It might seem like all fiction tells stories, but that’s not so. Italo Calvino’s “Invisible Cities,” for example, doesn’t so much unfold as describe. But then, it’s a poem as much as it’s fiction, a recount of a conversation with the great Kublai Khan about the cities of his empire: cities of the mind, cities of the heart, cities of myth and symbol.
It seems to me that a story, as a subset of fiction generally, captures a change in time. At the border are books like Lord Dunsany’s “The Gods of Pegana” or Lovecraft’s “At the Mountains of Madness,” both horror, where the events that transpire are really more about capturing a mood. They are half-stories for the same reason Borges’ “The Immortal” is. Indeed, both “At the Mountains of Madness” and “The Immortal” recount the discovery of an ancient abandoned city, something that is so old it expressly exists outside time, which precludes change. The authors instead paint a portrait. In Lovecraft’s case, fear of the unknown. In Borges’, a philosophical question.
This painting above by Juan Martinez Bengoechea functions that way. There is a kind of half-narrative to it in that we can imagine any number of explanations for how these people got here and what’s going on, but there’s no sense of change in time.
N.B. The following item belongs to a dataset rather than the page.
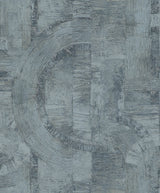 Abe Blue Geo Wallpaper with Industrial Geometric Texture - Advantage 4096-554786SAM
Indeed, the subject matter, photography, implies an eternal moment, and that implication is amplified by the fact that whatever events are captured here clearly take place in the past.
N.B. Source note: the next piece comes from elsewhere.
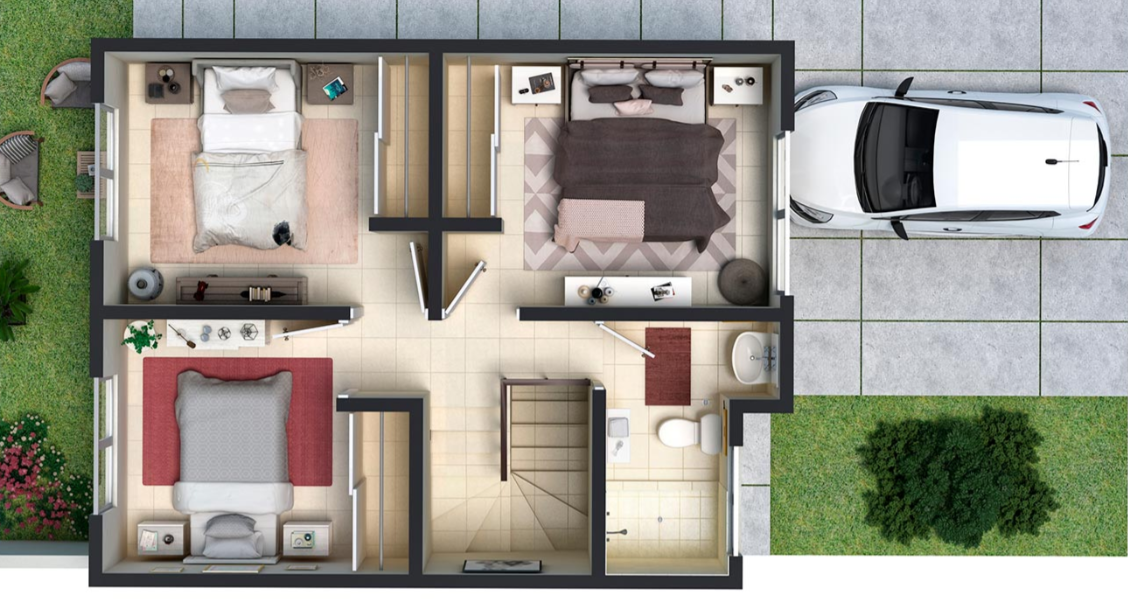 Casa Nueva en Venta en Los Héroes Lincoln, García | Modelo Cerezo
What makes it brilliant, though, is how the camera’s subject — the thing to be preserved — is outside the frame of the image, and all the subjects are turned away from us, as well as from each other. As with “Invisible Cities,” we are not given a story so much as something to ponder.
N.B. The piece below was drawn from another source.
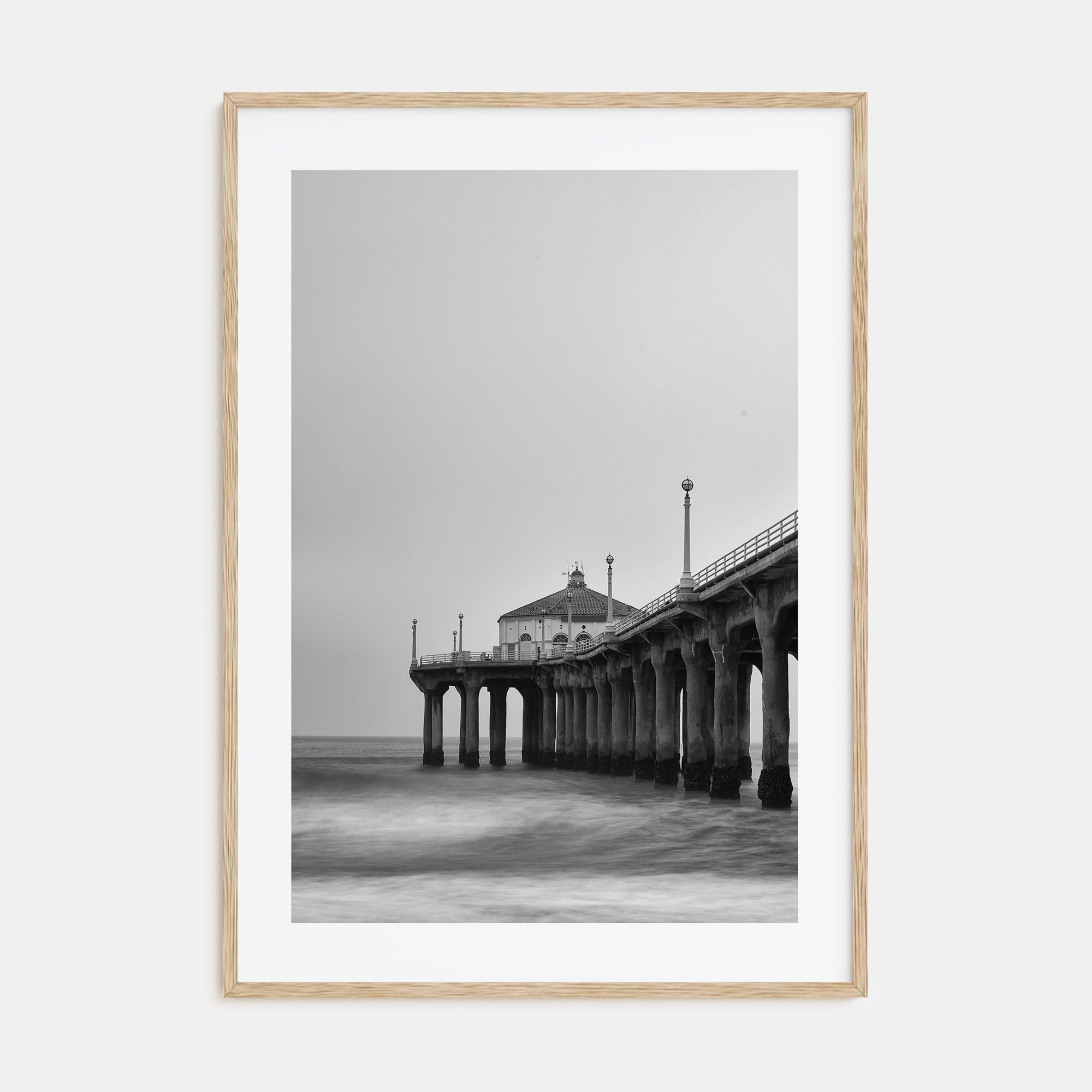 Pier Photo B&W No 2 Poster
I’m not particularly interested in any of that. I’m interested in storytelling the way the Pixar guys are. I’ve come at it sideways through the medium of art because art offers a contrast. It exists in space and not in time — versus prose, which exists in time and not space. As such, art has to be very economical in how it tells a “story.”
Comic art, from graphical novels to political cartoons, is the master of this. The whole purpose of the medium is to tell a story in art. Even if it’s a single panel, a comic is, as Scott McCloud defined it, “sequential art” — art that uses space to represent time.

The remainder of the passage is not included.